* **Exercise brief**
Please give the lines below again exactly as they stand, from the one that contains "Blue Print ADA108111" up to and including the one that contains "Accesorios textil Gorra", leaving all pictures out.

* **Task data**
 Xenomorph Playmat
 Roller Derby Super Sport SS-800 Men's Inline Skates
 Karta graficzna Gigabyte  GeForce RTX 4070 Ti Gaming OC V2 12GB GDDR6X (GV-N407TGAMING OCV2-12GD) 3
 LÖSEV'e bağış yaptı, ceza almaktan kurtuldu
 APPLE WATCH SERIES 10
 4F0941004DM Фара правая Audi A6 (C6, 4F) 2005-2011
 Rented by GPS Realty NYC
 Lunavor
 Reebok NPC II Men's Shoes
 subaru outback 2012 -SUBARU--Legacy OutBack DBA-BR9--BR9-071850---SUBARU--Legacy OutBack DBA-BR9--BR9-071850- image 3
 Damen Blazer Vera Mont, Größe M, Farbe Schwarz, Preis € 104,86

...

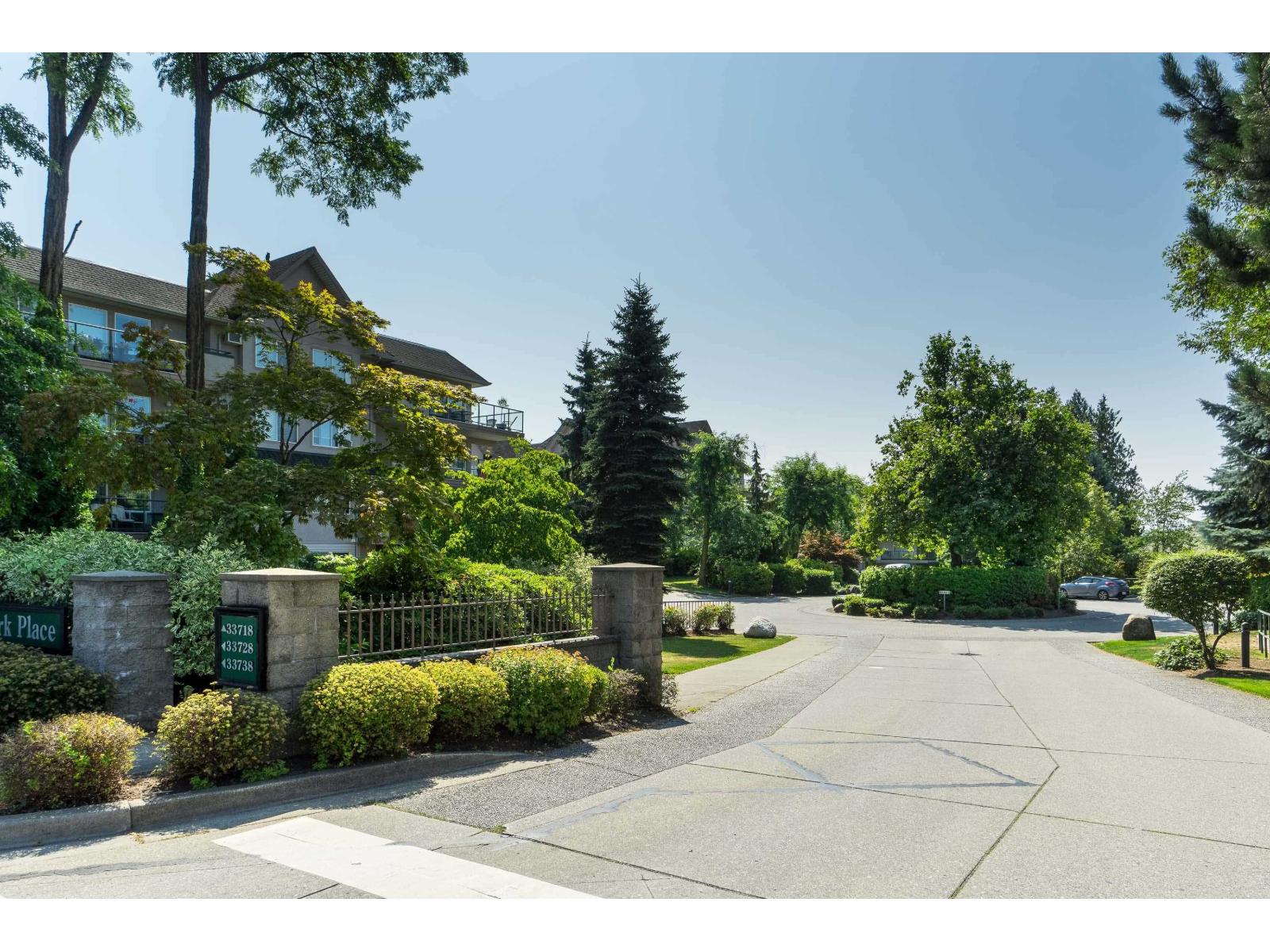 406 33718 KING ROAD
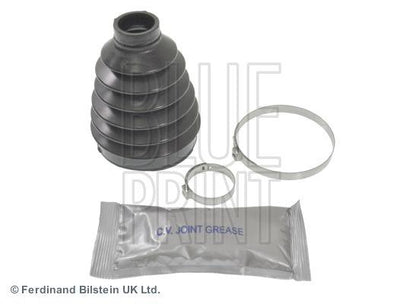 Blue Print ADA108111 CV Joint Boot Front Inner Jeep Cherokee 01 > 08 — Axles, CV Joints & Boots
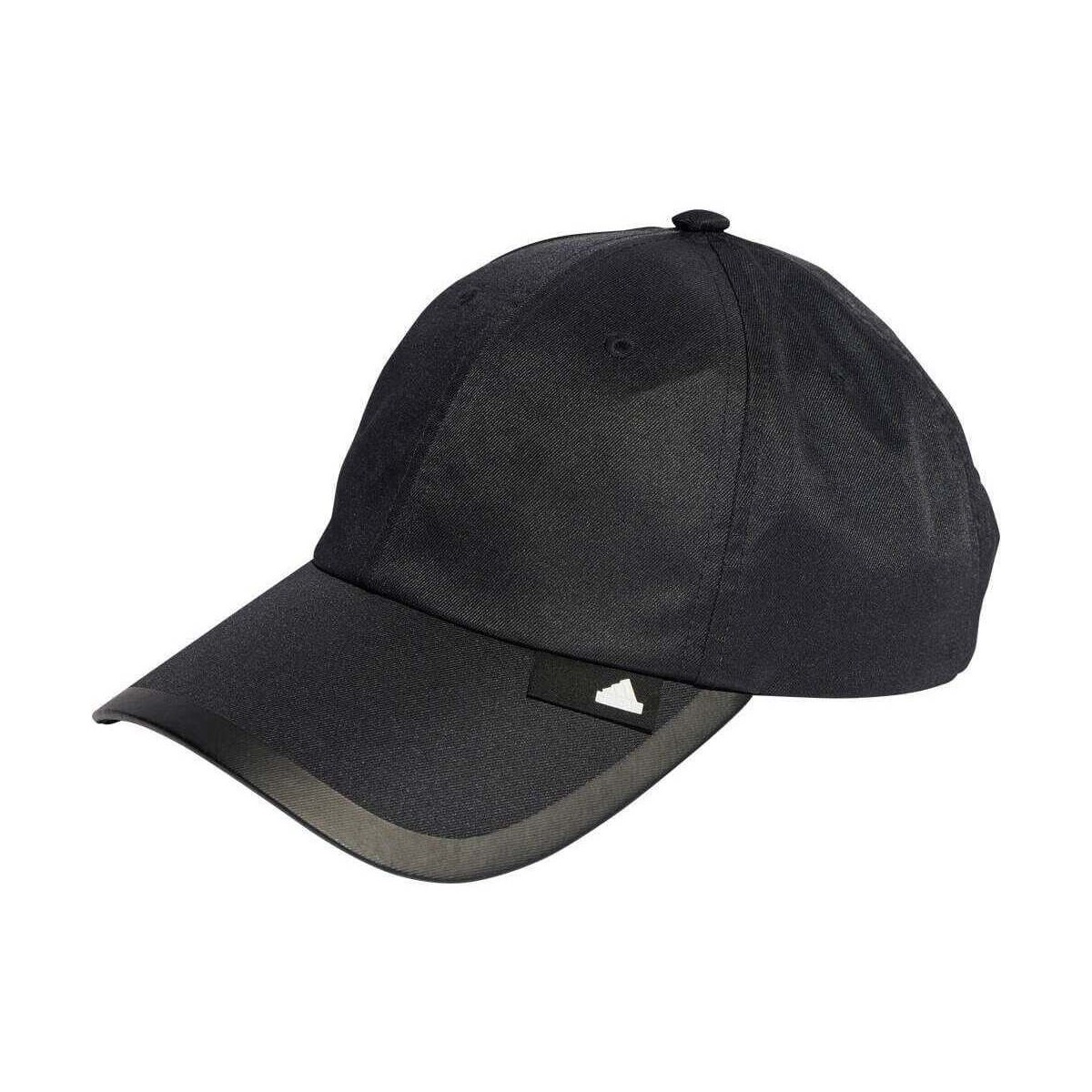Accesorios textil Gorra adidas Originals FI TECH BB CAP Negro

* **Final answer**
 Blue Print ADA108111 CV Joint Boot Front Inner Jeep Cherokee 01 > 08 — Axles, CV Joints & Boots
Accesorios textil Gorra adidas Originals FI TECH BB CAP Negro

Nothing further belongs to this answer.